*** RECORDS SUPPLIED Section Begins ***

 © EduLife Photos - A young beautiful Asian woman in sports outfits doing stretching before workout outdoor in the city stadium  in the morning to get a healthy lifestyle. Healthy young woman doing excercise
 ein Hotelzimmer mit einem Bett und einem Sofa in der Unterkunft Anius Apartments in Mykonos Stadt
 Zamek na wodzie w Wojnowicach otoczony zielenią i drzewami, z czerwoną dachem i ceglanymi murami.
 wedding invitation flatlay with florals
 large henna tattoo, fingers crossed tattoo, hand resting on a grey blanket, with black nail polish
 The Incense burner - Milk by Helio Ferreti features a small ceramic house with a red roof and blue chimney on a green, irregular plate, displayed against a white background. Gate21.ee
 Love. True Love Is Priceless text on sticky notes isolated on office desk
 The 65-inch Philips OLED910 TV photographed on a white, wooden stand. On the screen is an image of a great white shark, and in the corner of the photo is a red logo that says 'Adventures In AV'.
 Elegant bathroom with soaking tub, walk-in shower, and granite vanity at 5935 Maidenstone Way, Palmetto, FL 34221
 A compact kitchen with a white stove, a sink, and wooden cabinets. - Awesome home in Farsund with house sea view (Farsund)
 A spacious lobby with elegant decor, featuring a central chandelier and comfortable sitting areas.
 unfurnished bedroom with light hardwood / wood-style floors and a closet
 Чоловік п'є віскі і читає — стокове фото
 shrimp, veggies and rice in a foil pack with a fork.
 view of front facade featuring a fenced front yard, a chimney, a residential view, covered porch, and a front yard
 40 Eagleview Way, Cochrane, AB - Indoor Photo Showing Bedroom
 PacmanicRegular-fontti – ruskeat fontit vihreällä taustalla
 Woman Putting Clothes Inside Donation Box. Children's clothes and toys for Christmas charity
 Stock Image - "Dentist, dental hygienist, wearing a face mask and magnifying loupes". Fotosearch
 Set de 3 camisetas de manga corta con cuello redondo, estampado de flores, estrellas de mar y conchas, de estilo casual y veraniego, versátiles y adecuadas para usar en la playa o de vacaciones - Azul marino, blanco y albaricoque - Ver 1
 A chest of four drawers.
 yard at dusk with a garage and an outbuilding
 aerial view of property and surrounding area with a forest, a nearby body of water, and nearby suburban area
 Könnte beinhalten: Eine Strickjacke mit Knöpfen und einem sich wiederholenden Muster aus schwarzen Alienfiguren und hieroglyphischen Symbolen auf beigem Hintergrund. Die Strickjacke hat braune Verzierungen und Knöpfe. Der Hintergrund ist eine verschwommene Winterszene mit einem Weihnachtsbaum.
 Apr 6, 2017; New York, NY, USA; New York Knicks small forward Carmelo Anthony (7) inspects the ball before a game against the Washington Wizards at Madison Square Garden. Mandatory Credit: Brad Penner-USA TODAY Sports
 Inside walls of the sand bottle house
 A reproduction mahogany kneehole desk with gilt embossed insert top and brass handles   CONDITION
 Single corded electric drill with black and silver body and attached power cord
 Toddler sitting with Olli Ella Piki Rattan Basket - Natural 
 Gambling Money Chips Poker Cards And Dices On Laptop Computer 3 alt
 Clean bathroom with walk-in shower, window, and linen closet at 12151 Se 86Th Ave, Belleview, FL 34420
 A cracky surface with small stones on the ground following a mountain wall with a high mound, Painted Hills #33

*** RECORDS SUPPLIED Section Ends ***

__PROBLEM__: Output the data exactly, from the first line through the line that holds "The Incense burner", so that no later line appears.

__SOLUTION TO THE EXERCISE__:
 © EduLife Photos - A young beautiful Asian woman in sports outfits doing stretching before workout outdoor in the city stadium  in the morning to get a healthy lifestyle. Healthy young woman doing excercise
 ein Hotelzimmer mit einem Bett und einem Sofa in der Unterkunft Anius Apartments in Mykonos Stadt
 Zamek na wodzie w Wojnowicach otoczony zielenią i drzewami, z czerwoną dachem i ceglanymi murami.
 wedding invitation flatlay with florals
 large henna tattoo, fingers crossed tattoo, hand resting on a grey blanket, with black nail polish
 The Incense burner - Milk by Helio Ferreti features a small ceramic house with a red roof and blue chimney on a green, irregular plate, displayed against a white background. Gate21.ee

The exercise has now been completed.